## RECORDS TO USE
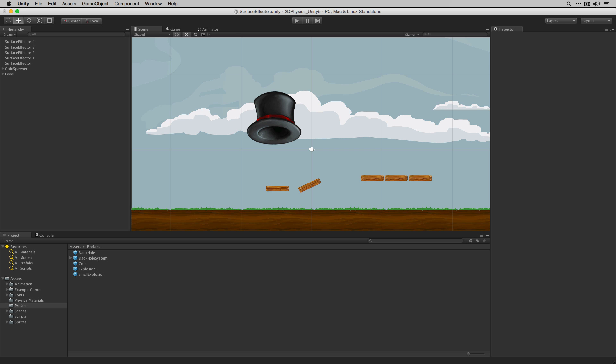Using 2D physics effectors it's possible to change the behavior of objects in our 2D physics simulation. In this lesson we're going to look at the surface effector 2D and platform effector 2D effector types.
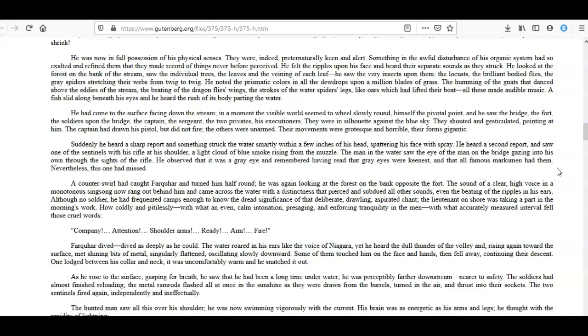Farquhar dived—dived as deeply as he could. The water roared in his ears like the voice of Niagara, yet he heard the dull thunder of the volley and, rising again toward the surface, met shining bits of metal, singularly flattened, oscillating slowly downward. Some of them touched him on the face and hands, then fell away, continuing their descent. One lodged between his collar and neck; it was uncomfortably warm and he snatched it out. As he rose to the surface, gasping for breath, he saw that he had been a long time under water; he was perceptibly further downstream—nearer to safety. The soldiers had almost finished reloading; the metal ramrods flashed all at once in the sunshine as they were drawn from the barrels, turned in the air, and thrust into their sockets. The two sentinels fired again, independently and ineffectually.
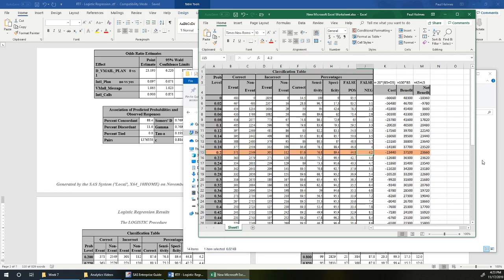So this tells us the probability level that we should use in order to make our intervention as valuable as possible for the company. We should intervene if we believe that somebody has a better than 20% chance of leaving.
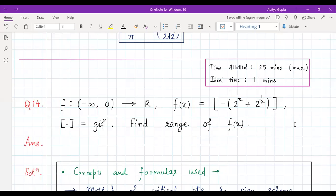Hey everyone, a very warm welcome back to the channel. Today we are discussing question number 14 from the chapter of AOD monotonicity and maxima-minima. The question asks us to find the range of f(x), where f(x) is defined as the greatest integer function of negative of two^x plus two^(1/x), and the domain of the function is negative numbers from minus infinity to zero. The maximum time allotted for this question is 25 minutes, and ideally you should try to do it within 11 minutes. It is quite an amazing problem, so I would highly recommend you all give it a try.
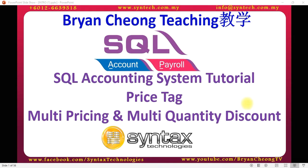Hi, I'm Brian Chung from Syntex Technologies. In today's SQL Accounting System Tutorial, I'll talk about price tag. Price tag is a module for multi-pricing and also multi-quantity discount. Let's go into SQL.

## YOUR GOAL
Print the material above word for word, and keep the pictures out of it.

## YOUR RESPONSE
Using 2D physics effectors it's possible to change the behavior of objects in our 2D physics simulation. In this lesson we're going to look at the surface effector 2D and platform effector 2D effector types.
Farquhar dived—dived as deeply as he could. The water roared in his ears like the voice of Niagara, yet he heard the dull thunder of the volley and, rising again toward the surface, met shining bits of metal, singularly flattened, oscillating slowly downward. Some of them touched him on the face and hands, then fell away, continuing their descent. One lodged between his collar and neck; it was uncomfortably warm and he snatched it out. As he rose to the surface, gasping for breath, he saw that he had been a long time under water; he was perceptibly further downstream—nearer to safety. The soldiers had almost finished reloading; the metal ramrods flashed all at once in the sunshine as they were drawn from the barrels, turned in the air, and thrust into their sockets. The two sentinels fired again, independently and ineffectually.
So this tells us the probability level that we should use in order to make our intervention as valuable as possible for the company. We should intervene if we believe that somebody has a better than 20% chance of leaving.
Hey everyone, a very warm welcome back to the channel. Today we are discussing question number 14 from the chapter of AOD monotonicity and maxima-minima. The question asks us to find the range of f(x), where f(x) is defined as the greatest integer function of negative of two^x plus two^(1/x), and the domain of the function is negative numbers from minus infinity to zero. The maximum time allotted for this question is 25 minutes, and ideally you should try to do it within 11 minutes. It is quite an amazing problem, so I would highly recommend you all give it a try.
Hi, I'm Brian Chung from Syntex Technologies. In today's SQL Accounting System Tutorial, I'll talk about price tag. Price tag is a module for multi-pricing and also multi-quantity discount. Let's go into SQL.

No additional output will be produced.